Chapter 8

76.6K 4.8K 360
                                    

Deru angin menembus masuk melalui pintu kaca geser pada kamar Ruby yang terbuka lebar.

Saking kencangnya angin malam ini, Ruby pun terbangun dalam keadaan kamarnya yang berpencahayaan remang-remang. Selalu ia matikan lampu di kamarnya saat akan tidur malam.

Kening Ruby mengernyit, menoleh ia melihat kepada pintu kaca itu yang terbuka sangat lebar. Gorden-gorden putihnya yang indah sampai beterbangan akibat kencangnya angin menerjang.

Ruby tak seceroboh itu. Tak pernah sekalipun ia lupa menutup pintu kaca tersebut. Lagi pula sekencang apa pun angin, takkan mungkin dapat menggeser pintu kaca itu sampai terbuka dengan selebar ini.

Meninggalkan ranjangnya, Ruby berderap anggun menuju pintu kaca yang terbuka tadi. Matanya memicing, menarik pintu itu hingga tertutup kini dengan rapat. Ia benarkan pula gorden-gorden putihnya yang berantakan.

Sebelum kembali ke kasur, dari dalam Ruby melihat-lihat ke arah luar. Ia elusi lengannya sendiri, merasakan suasana malam minggu kali ini yang agak berbeda. Mansionnya yang mewah tampak suram, pun atmosfer di kamarnya ini seolah dipenuhi oleh kabut-kabut hitam tak diundang.

Tak. Tak. Tak.

Kilat Ruby melengos cepat ke arah belakang. Matanya membuat nyalang di dalam pencahayaan remang-remang.

"Siapa di situ?" lontar Ruby.

Telinganya tidak mungkin salah. Suara-suara mirip tikaman pada kayu terdengar jelas di kamarnya. Dan suara-suara ini berasal dari arah meja kerjanya di bagian sudut.
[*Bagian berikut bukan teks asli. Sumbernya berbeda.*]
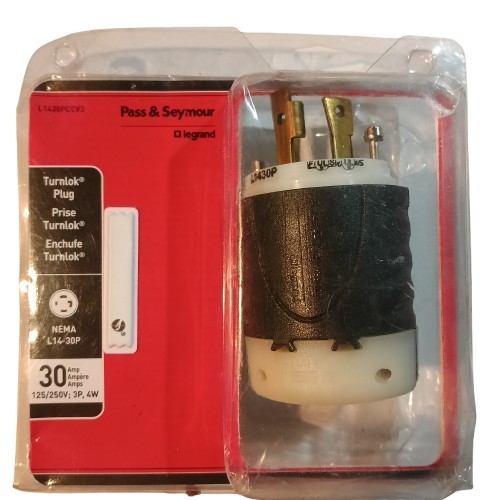 LeGrand Turnlok Locking Plug Industrial Grade L1430PCCV3 30 Amp 125/250V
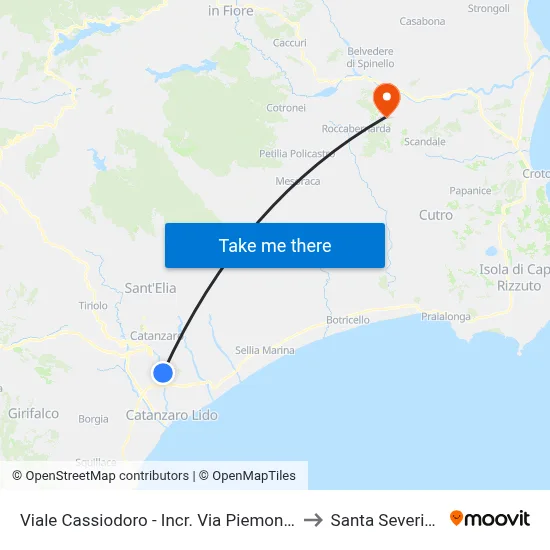 Viale Cassiodoro - Via Piemonte Intersection to Santa Severina map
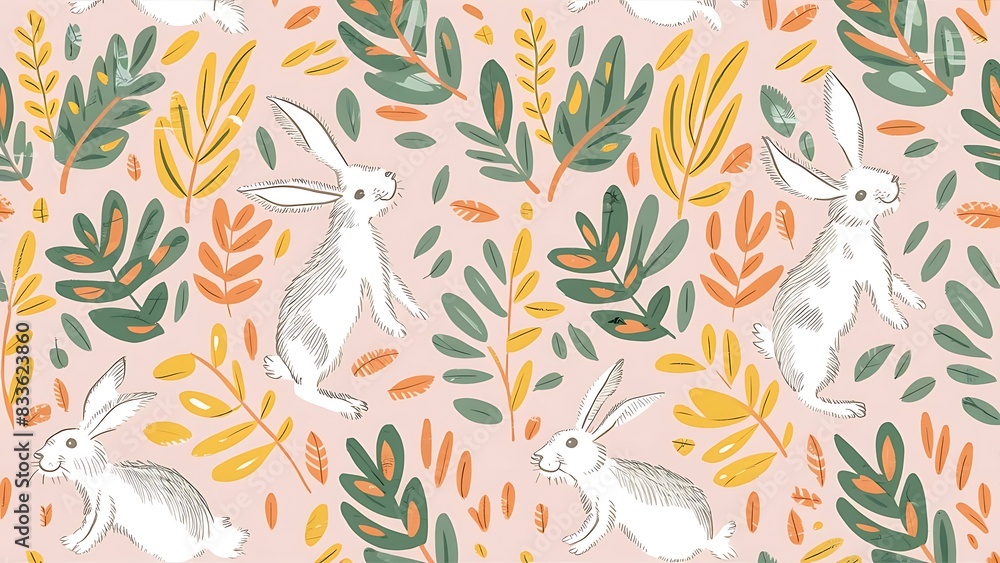 Fototapeta premium Seamless Pattern with Hand Drawn Rabbit and Leaf Design on Light Pink Background wallpaper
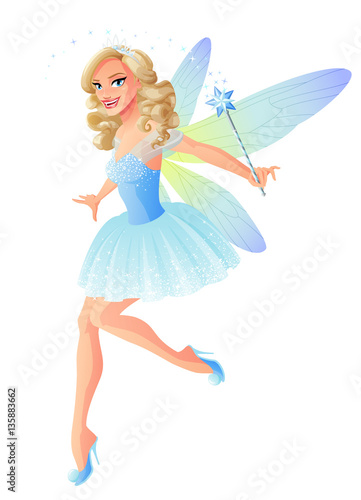 Vector beautiful tooth fairy in blue dress with magic wand.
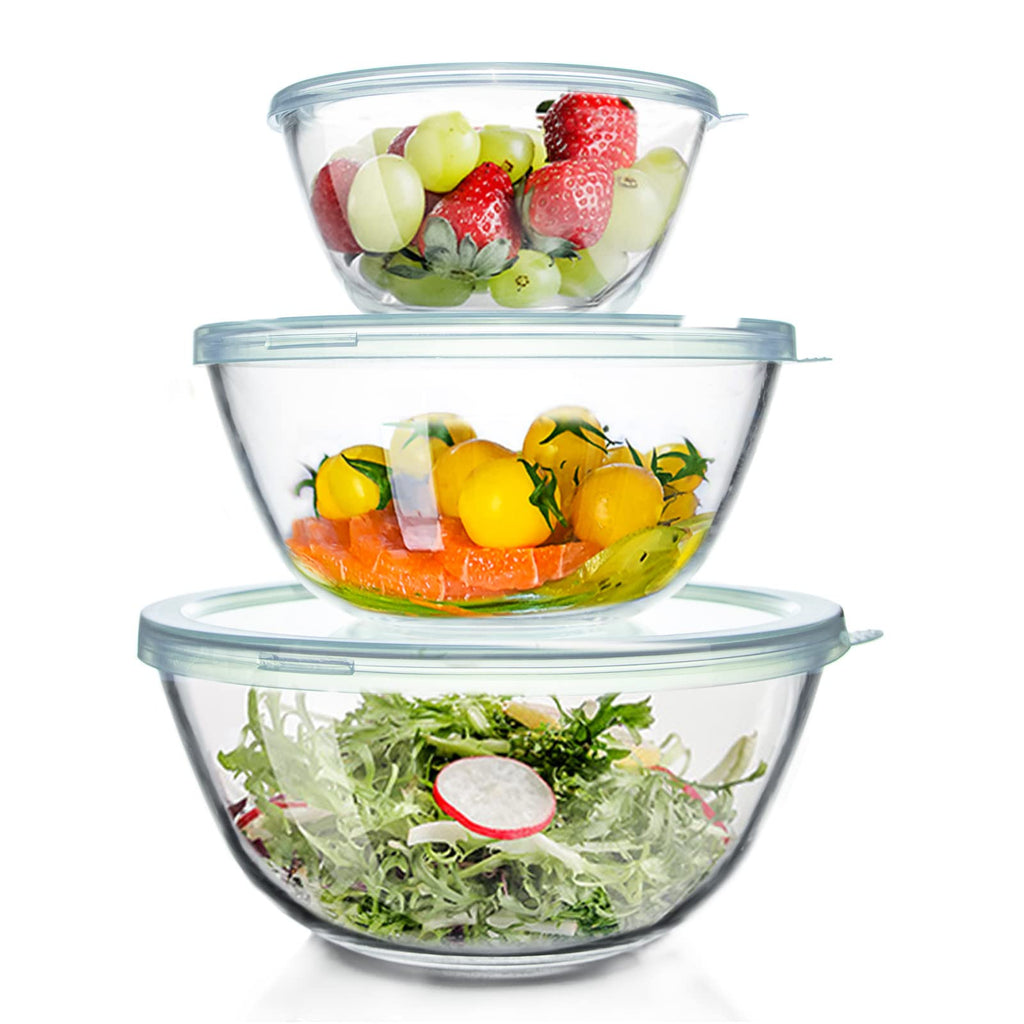 WhiteRhino Glass Mixing Bowls with Lids - 3pc Borosilicate Nesting Set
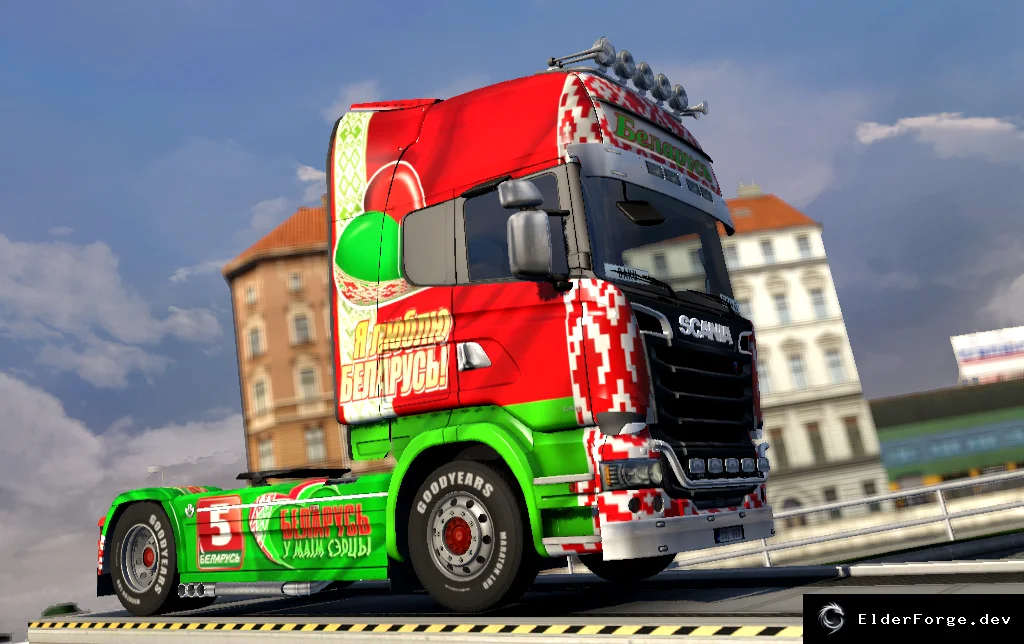 Обложка мода: Скин «Belarus» для Scania Streamline и прицепа в Euro Truck Simulator 2
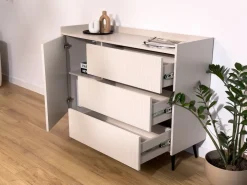 Zestawy Mebli Do Salonu|Komody></noscript>JUREK Komoda do salonu na nóżkach nowoczesna 126 cm ASPERO orzech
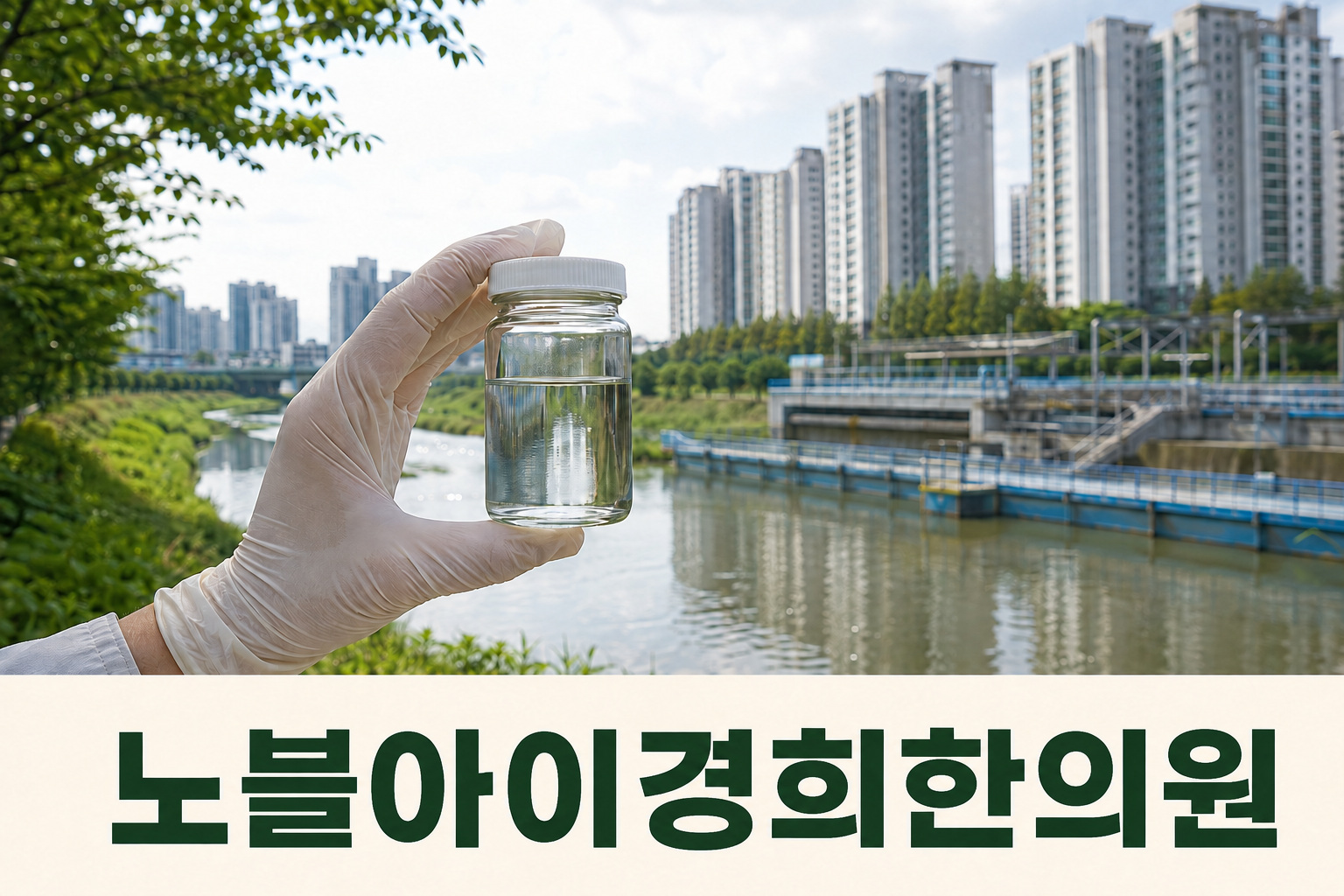 환경 시료 연구를 설명하는 용기와 도시 주거지역의 예시 장면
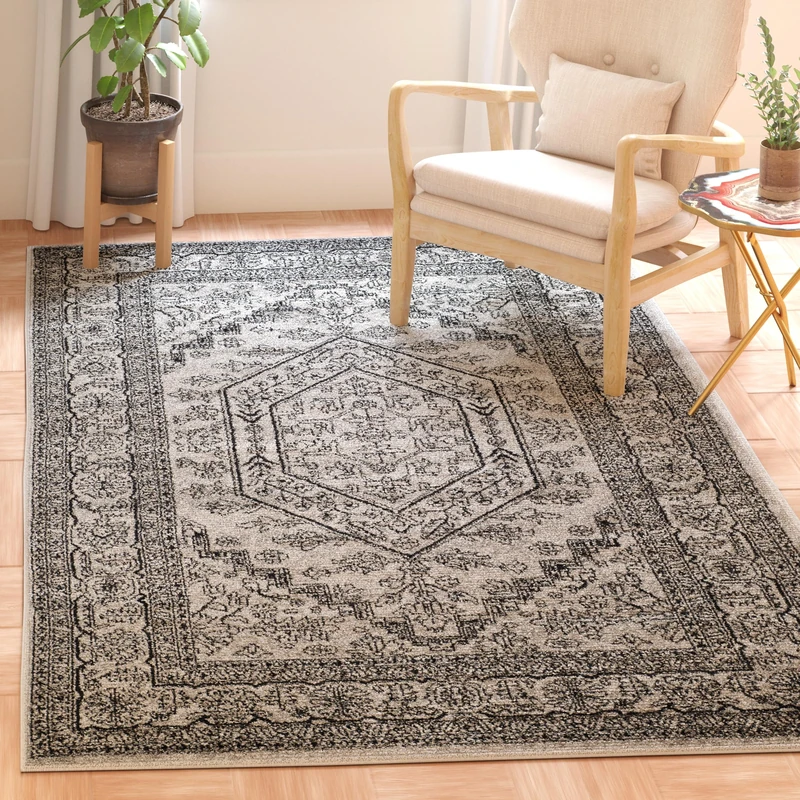Safavieh Medallion Indoor Woven Rectangle Area Rug, Adirondack Collection, ADR108, in Silver / Black, 122 X 183 cm for Living Room, Bedroom or Any Indoor Space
Dengan berani Ruby mengambil langkah maju. Sontak ia kian melotot pun bulu-bulu halus di sekujur tubuhnya berdiri dengan seketika.

Matanya menemukan sesosok duduk di dalam gelap. Pada kursi kerjanya, entah menghadap ke arahnya atau memunggunginya Ruby tak tahu. Tangannya bergerak-gerak, menikam-nikam meja kerja Ruby yang terbuat dari kayu dengan sesuatu di tangannya.

Bergegas Ruby berlari kemudian menyalakan semua lampu di dalam kamarnya. Ketika ia menoleh untuk melihat siapa sosok tadi di sana, kontan nyalinya menciut. Mencelus jauh ke dalam jurang tak berdasar.

"A-apa, apa yang k-kau lakukan di sini?" tanya Ruby sampai terbata-bata. Tak bisa mengecilkan matanya yang terus melotot dan sekarang ia merasa tegang.

Kenneth duduk di sana, di kursi kerja Ruby. Memegang satu belati mengilap tajam, menikam-nikam meja kerja Ruby dan matanya sedari tadi mengamati Ruby dengan begitu intensnya.

Tak bersuara. Terus Kenneth tikam-tikami meja kayu mahal itu. Ia bertelanjang dada, hanya mengenakan celana jas keren, duduk dengan posisi kaki kokohnya terbuka juga pinggangnya yang agak patah ke dalam.

Sayu, redup tajam Kenneth menyorot Ruby yang hampir lupa caranya bernapas. Tercengang, shock mendapati Kenneth telah berada di dalam kamarnya setelah beberapa jam lalu ia menganiaya pria itu di kolam renang.

"Apa yang kau lakukan di sini?" lontar Ruby lagi. Kewaspadaannya meningkat seratus persen dan buru-buru ia mengambil pistol miliknya di dalam laci meja terdekat.

Itu bukan Kenneth. Ruby tak pernah melihat tatapan Kenneth semistis ini. Kenneth seolah-olah dikelilingi oleh gelapnya aura mistis, dingin menegangkan dan Ruby mulai sesak napas.

Pria itu seperti raksasa yang siap untuk menelannya atau mematah-matahkan setiap inci tulang Ruby lalu dilemparkan ke dalam perapian menyala-nyala.

"Sedang apa aku di sini?" Di sana Kenneth menyeringai tipis. Ia agak menunduk namun matanya tajam menyorot Ruby lekat-lekat. Ia bak patung yang bola matanya saja bergerak-gerak.

Kenneth berdiri. Gontai lamban ia mendekati Ruby hingga wanita itu kian melotot, mengangkat segera pistolnya akan benar-benar menembak Kenneth jika pria itu bertindak nekat.